In the first thirty seconds of his taking the stage and thanking the stewards of the event, he directly equalizes himself with those who have suffered huge, almost unimaginable personal loss. He’s speaking directly to them, asking them to voluntarily do something that occurs to them almost certainly unintentionally all the time: to recover that memory of loss.
Folks, events like this are hard. They’re hard for all of you, because it brings back the very moment that everything happened, no matter how many years pass, no matter how many years go by. And it brings it back.
Biden says this within fifteen seconds of the start of his speech.
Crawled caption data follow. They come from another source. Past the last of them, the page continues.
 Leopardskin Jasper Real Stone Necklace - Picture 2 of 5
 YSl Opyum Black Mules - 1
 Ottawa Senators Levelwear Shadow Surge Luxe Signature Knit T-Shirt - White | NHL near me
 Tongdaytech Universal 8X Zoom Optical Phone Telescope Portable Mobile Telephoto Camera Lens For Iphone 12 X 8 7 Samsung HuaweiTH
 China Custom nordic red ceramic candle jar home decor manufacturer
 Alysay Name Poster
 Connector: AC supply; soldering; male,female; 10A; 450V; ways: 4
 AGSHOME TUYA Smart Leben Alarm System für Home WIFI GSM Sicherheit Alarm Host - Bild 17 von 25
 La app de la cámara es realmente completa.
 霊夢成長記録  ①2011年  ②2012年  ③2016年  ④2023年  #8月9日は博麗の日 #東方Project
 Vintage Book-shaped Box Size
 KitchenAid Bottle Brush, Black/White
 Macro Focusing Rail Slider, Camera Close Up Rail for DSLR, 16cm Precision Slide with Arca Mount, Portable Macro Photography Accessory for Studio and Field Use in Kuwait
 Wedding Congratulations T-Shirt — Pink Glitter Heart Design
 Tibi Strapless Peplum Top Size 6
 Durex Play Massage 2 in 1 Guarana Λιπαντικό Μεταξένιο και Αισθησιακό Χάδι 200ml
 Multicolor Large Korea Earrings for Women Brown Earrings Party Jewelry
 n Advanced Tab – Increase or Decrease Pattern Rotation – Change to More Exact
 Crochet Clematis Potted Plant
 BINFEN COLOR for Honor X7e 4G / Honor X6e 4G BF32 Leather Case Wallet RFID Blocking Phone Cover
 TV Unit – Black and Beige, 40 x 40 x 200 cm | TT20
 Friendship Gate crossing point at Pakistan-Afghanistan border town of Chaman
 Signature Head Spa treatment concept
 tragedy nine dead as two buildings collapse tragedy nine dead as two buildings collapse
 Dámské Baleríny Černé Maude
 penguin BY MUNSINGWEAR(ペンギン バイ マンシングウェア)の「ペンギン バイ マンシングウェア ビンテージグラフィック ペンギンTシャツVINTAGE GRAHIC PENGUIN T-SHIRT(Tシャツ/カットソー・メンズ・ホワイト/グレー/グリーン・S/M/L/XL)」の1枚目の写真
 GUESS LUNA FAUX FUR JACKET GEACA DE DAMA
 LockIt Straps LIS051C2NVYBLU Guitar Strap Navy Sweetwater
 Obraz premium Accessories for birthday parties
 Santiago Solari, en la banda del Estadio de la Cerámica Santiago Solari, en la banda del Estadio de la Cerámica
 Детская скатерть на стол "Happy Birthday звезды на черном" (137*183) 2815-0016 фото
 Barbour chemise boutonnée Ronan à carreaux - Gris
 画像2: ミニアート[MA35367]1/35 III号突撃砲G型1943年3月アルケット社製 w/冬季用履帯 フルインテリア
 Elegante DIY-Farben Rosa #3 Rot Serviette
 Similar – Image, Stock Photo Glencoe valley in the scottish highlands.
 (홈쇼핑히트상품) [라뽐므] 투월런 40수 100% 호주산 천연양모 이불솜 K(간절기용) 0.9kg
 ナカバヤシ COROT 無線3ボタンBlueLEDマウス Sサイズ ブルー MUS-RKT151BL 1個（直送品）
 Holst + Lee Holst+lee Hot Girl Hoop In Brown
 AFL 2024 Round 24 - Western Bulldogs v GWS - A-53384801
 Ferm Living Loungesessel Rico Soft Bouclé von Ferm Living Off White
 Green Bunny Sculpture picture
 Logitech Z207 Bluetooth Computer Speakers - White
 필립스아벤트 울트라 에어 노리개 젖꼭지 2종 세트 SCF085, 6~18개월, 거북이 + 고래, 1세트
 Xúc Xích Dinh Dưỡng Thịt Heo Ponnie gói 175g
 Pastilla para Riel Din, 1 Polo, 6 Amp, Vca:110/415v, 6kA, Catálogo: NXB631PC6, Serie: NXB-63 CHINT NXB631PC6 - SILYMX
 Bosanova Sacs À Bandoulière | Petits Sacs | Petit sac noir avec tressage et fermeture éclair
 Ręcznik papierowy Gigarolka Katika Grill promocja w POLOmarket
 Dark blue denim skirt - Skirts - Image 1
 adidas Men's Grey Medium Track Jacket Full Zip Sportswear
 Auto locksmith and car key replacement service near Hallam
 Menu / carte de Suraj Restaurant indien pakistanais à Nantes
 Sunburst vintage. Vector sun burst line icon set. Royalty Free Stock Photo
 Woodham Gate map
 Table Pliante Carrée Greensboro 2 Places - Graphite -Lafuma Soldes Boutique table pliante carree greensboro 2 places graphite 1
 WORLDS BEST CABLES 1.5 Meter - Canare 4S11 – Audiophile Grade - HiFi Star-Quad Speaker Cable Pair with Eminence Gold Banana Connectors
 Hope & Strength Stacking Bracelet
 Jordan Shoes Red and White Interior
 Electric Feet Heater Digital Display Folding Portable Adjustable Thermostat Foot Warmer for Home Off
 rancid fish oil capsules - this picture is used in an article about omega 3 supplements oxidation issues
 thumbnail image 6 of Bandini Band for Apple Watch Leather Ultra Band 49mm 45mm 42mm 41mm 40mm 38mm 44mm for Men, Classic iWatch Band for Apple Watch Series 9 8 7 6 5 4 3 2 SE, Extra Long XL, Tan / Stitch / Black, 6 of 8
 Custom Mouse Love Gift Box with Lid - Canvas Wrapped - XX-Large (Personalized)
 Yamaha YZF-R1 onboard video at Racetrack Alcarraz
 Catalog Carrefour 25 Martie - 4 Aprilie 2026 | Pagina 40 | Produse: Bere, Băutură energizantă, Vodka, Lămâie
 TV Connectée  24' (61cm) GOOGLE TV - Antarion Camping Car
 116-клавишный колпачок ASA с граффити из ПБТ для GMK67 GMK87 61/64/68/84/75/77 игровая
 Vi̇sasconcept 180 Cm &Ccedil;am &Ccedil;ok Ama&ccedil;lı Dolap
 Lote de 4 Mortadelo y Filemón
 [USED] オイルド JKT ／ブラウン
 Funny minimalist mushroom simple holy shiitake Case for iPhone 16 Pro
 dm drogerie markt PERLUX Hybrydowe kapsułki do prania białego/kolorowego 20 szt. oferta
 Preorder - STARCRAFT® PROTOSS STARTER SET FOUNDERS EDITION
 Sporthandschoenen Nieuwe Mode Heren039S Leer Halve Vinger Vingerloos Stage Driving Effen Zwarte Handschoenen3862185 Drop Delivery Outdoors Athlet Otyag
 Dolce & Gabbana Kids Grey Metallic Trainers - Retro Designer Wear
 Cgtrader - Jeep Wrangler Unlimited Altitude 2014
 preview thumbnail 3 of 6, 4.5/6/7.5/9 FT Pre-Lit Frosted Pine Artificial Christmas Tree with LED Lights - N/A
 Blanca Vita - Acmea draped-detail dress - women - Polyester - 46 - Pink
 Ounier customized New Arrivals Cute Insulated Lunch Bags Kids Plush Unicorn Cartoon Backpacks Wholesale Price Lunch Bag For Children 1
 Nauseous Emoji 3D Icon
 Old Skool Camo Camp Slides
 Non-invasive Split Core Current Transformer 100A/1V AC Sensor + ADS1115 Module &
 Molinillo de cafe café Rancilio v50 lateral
Within the span of one minute of his speech, he lands at this tender spot of recollection. He brings those people to that spot just like that, and effortlessly. He accomplishes this simply by acknowledging where they are.
But see that he tells them to retrieve that memory.
To all of you here tonight, it’s under different circumstances, but I know a little bit what the loss feels like. It’ll be an anniversary on the 18th of this month that I lost my wife and daughter and nearly lost my two sons when a tractor trailer broadsided them. And it’s not long after that, the anniversary of losing my son. I know that feeling.
Everyone is different, but I know that feeling. You know, it’s like a black hole in the middle of your chest you’re being dragged into. And you never know if there’s ever a way out.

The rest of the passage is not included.